_Directions_
The result should consist solely of the line containing "Tiffany & Co." and the lines that follow it below, each reproduced exactly, the last line included.

_Source data_
........
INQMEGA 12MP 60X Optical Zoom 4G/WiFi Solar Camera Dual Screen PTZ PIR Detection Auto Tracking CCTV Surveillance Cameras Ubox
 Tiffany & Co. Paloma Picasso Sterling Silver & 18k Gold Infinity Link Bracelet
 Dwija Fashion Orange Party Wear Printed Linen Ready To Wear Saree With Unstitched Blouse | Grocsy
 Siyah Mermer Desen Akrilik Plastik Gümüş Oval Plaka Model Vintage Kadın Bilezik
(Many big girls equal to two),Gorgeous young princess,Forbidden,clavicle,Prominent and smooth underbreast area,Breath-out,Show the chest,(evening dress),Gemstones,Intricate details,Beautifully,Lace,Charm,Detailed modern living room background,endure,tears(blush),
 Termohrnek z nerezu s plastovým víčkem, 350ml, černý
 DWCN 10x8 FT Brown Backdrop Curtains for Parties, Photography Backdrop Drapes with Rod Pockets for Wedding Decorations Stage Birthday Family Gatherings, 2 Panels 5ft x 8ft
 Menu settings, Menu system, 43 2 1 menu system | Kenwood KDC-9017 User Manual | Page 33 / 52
........
_Result for this exercise_
 Tiffany & Co. Paloma Picasso Sterling Silver & 18k Gold Infinity Link Bracelet
 Dwija Fashion Orange Party Wear Printed Linen Ready To Wear Saree With Unstitched Blouse | Grocsy
 Siyah Mermer Desen Akrilik Plastik Gümüş Oval Plaka Model Vintage Kadın Bilezik
(Many big girls equal to two),Gorgeous young princess,Forbidden,clavicle,Prominent and smooth underbreast area,Breath-out,Show the chest,(evening dress),Gemstones,Intricate details,Beautifully,Lace,Charm,Detailed modern living room background,endure,tears(blush),
 Termohrnek z nerezu s plastovým víčkem, 350ml, černý
 DWCN 10x8 FT Brown Backdrop Curtains for Parties, Photography Backdrop Drapes with Rod Pockets for Wedding Decorations Stage Birthday Family Gatherings, 2 Panels 5ft x 8ft
 Menu settings, Menu system, 43 2 1 menu system | Kenwood KDC-9017 User Manual | Page 33 / 52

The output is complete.